Eating placenta rocked my post-partum world

Guest post by HunnyDu

Original photo by Flickr user Premasagar
As soon as I got pregnant I knew I wanted to eat my placenta. My spiritual beliefs are such that I don’t believe the creator who makes us, makes waste.

After reading this website, I was even more convinced. I knew I couldn’t eat it raw, or blended in a smoothie, or cooked into a lasagna. Instead, I planned to have it dried, ground, and encapsulated. Here is how it went!

I had a c-section, and from the table, stretched out and connected to tubes, hoses, and things that go bing, I called out to the nurses and docs that I wanted my placenta bagged up to take home. They made me sign a release form that I understood I was taking home biohazard material (whatever) and I asked my sister in law to bring a cooler so that she could put it in my freezer.

My mother in law was so confused, but she has good manners, and kept her mouth shut about it. My husband’s 89 year old Chinese grandma, however, hugged me and told me I was smart to eat my placenta when we told her about it.

A few days after we came home from the hospital a tremendously good friend came over, picked up my frozen three pound placenta, and used the fruit leather setting in her food dehydrator. After she dehydrated it, she blended it in the blender, dried it, blended the dry disk, then capped.

It took her a long time, and I’m extremely grateful. What an endeavor!

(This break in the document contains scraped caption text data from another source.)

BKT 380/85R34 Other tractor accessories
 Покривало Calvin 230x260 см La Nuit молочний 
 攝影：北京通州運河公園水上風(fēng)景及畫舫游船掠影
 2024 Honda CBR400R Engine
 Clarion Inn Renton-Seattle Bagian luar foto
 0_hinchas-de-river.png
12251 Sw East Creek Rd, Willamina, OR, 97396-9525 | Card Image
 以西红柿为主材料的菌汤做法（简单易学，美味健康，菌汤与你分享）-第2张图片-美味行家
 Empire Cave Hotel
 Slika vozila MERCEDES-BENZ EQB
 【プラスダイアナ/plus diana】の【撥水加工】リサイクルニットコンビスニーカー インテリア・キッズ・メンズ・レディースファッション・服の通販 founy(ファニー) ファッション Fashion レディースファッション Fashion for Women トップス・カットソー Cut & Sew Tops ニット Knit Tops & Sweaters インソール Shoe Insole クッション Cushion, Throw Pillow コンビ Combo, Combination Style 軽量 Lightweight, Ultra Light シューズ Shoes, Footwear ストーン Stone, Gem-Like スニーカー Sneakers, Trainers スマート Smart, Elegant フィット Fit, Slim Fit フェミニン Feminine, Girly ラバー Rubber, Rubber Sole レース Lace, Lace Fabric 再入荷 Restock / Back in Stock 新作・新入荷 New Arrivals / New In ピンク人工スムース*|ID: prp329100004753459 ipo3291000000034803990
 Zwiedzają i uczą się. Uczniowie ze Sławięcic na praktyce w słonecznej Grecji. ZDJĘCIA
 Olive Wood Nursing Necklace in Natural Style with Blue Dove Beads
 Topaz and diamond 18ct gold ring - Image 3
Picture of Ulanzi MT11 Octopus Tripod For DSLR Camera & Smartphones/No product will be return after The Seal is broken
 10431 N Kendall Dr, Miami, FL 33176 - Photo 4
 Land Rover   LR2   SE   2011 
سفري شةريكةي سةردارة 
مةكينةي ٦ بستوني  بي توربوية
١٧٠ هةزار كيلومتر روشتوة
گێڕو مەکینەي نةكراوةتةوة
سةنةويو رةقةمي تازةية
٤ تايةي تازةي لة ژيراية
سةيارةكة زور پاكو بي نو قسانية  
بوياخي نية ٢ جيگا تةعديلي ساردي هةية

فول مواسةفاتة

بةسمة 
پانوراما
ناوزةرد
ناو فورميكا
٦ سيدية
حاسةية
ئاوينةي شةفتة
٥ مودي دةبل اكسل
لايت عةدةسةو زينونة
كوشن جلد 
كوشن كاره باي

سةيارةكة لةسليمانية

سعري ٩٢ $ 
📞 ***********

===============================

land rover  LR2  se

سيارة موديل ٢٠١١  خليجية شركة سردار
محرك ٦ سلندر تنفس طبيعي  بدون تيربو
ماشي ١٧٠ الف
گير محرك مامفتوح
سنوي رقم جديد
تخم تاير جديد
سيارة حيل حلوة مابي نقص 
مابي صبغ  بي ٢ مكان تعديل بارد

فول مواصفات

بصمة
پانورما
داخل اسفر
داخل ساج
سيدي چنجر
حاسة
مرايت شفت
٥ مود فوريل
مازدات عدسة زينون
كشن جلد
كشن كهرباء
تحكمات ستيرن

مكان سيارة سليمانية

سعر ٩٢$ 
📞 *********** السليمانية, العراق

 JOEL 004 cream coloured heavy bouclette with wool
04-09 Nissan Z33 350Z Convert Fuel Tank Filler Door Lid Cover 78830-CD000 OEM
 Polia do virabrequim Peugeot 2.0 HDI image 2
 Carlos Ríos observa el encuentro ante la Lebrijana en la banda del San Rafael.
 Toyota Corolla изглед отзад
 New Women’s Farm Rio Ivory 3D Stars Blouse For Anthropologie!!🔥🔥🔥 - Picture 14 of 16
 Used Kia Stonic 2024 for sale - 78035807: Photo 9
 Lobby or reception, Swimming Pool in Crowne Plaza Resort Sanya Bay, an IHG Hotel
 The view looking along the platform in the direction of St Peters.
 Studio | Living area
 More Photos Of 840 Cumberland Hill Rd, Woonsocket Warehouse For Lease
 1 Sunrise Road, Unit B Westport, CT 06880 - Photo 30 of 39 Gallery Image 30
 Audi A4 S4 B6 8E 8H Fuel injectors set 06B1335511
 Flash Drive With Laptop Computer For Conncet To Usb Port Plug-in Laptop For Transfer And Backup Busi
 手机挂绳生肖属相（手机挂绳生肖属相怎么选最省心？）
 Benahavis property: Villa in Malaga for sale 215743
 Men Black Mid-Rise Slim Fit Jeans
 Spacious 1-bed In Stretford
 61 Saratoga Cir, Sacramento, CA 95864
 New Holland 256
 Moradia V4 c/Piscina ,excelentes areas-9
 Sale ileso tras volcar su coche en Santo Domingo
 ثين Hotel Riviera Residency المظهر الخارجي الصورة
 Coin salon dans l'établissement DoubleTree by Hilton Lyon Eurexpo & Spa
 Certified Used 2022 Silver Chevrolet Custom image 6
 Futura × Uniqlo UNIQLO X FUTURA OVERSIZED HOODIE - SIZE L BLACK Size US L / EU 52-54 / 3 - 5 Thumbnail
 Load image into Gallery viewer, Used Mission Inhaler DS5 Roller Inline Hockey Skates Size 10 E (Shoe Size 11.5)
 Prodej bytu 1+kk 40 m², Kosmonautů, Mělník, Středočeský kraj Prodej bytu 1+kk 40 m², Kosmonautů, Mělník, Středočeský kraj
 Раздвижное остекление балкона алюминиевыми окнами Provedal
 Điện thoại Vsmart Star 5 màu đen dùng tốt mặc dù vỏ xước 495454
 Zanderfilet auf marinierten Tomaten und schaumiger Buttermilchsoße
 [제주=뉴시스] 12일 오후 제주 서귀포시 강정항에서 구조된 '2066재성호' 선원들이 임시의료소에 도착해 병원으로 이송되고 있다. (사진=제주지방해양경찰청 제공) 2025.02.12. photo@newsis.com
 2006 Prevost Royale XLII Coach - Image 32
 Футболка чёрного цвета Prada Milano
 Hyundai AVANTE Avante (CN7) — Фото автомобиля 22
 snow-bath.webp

Three weeks post partum I began taking two caps with each meal. I immediately felt less tired and weepy. I was sharp-minded and excited about life once more, no longer cracked-out, draggin ass. I began losing weight, and I got my appetite back, plus, my lochia drip hurried up and ended at four weeks after birth!

This was awesome, because it meant I got to have sex again, which was great because I also experienced a boost in libido. On top of all this, my milk production went through the roof.

So, while I know it’s not for everyone, and it did smell like funky beef jerky, eating my placenta really turned my birth recovery up a notch.

Mmmm, placenta!
Mmmm, delicious freeze-dried placenta!

Comments on Eating placenta rocked my post-partum world

  1. I’m TOTALLY rocking the placenta ingestion! I am 4 months pregnant and have already contacted a doula who is certified in this procedure. She even comes you your house and cleans your kitchen before and after the process takes place, BONUS! I have been researching the benefits since the birth of my son 4 years ago and am convinced this will turn my postpartum experience completely around for the good! I’m going to have a chunk blended into a smoothie right there in the birth-center before I even leave to get the most immediate benefits, and the rest will be encapsulated that night or the next day. I can’t wait! Woot!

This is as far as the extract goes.